Dejaste los cigarrillos sobre la mesa, cerca de una servilleta de papel mal doblada. Un plato azul mirando hacia el techo, y un vaso mitad vacío de agua descansa apoyado en una botella de plástico un poco deformada por los latigazos del verano. Lejos de la ventana se dibujan unos truenos sobre unas nubes negruzcas y azulinas, y unas hojas verdes se sacuden con el paso de un viento caliente que seca mi boca, tal como se secó la tuya, como se secó tu corazón para, como una pequeña otoñal hoja salir por la puerta de atrás, para ya no volver, tal vez para terminar con la poca coherencia que existía en esto. Ahora miro tus cigarrillos sobre la mesa, sobre migas de cenas y almuerzos que se esfumaron rápidamente, pero nunca pude, nunca quise, borrar esos pequeños recuerdos, esos momentos retratados con partículas de alimento. Nunca quise deshacerme del polvo que ahora cubre las cosas, porque en el polvo descansa atrapado tu perfume, y cada una de todas las reuniones secretas acá, en el comedor, lejos de todos, lejos de los demás.

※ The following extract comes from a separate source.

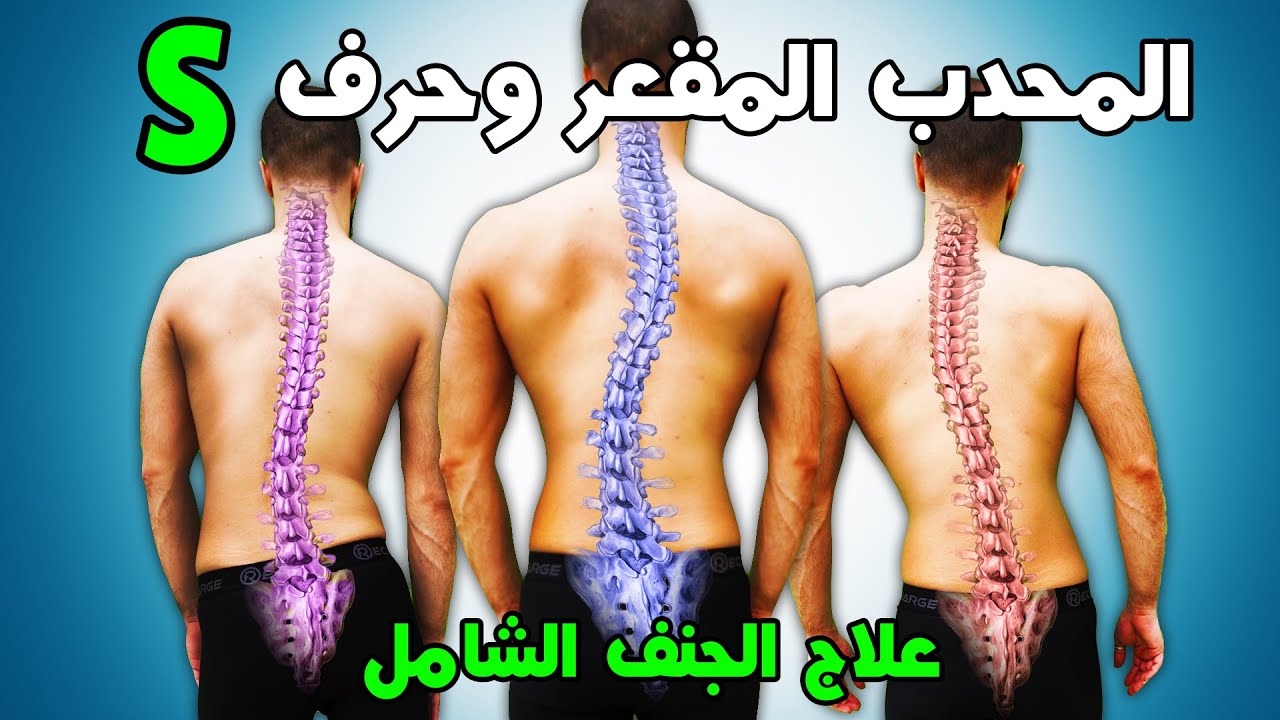 دليلك الشامل لعلاج الجنف: تحديد المقعر والمحدب وحرف S | قياس طول الأرجل | وضعية النوم | التمارين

Nunca quise tocar la mesa, ni siquiera los cigarrillos, el paquete apenas abierto y ese aroma de tabaco que todavía rodea esa escena del crimen de donde escapaste sin cargos, esa escena de donde te vas para no volver, y no existe una pena para eso, no existe un castigo. Nunca traté de limpiar la mesa porque en ella todavía descubro las huellas de una pintura de la última cena, de nuestra última cena, y donde puedo ver todas las pinceladas de nuestras vidas, donde en cada detalle, en cada objeto puesto al azar sobre el lienzo puedo observar nuestra vida, nuestra polaroid mal sacada, borrosa y oscura.

Todavía un cenicero está a punto de arrojarse por la borda, justo donde, obstinada, lo dejaste siempre, y unas colillas retienen un poco de ese labial neutro que nunca me gustó, pero que ahora es la única huella digital, la única prueba, el móvil que asegura que estuviste acá. La prueba de vida inteligente en otro tiempo, en otro planeta.
Y ahora que lo pienso, después de todo este tiempo, después de ver que la mesa sigue como siempre, el reloj de pulsera que dejaste sobre ella - porque no llegaste a vestirte completamente luego de nuestra horizontalidad en la alfombra- está detenido, apenas unos minutos después de que te fuiste, exactamente a las 9:19. Así, solo necesito mirar la mesa, desde arriba de una silla, como un cuadro rectangular donde el tiempo jamás pasa y se representa, ya lo dije, nuestra última y apresurada cena. Una cena, un momento inmortalizado, inmaculado, infinito.

Más truenos se dibujan, más truenos rompen contra la tierra, el verano que no llegamos a ver está acá, en el maldito C, muy lejos de ese A donde las cosas eran como soñaba que serían en ese inalcanzable B.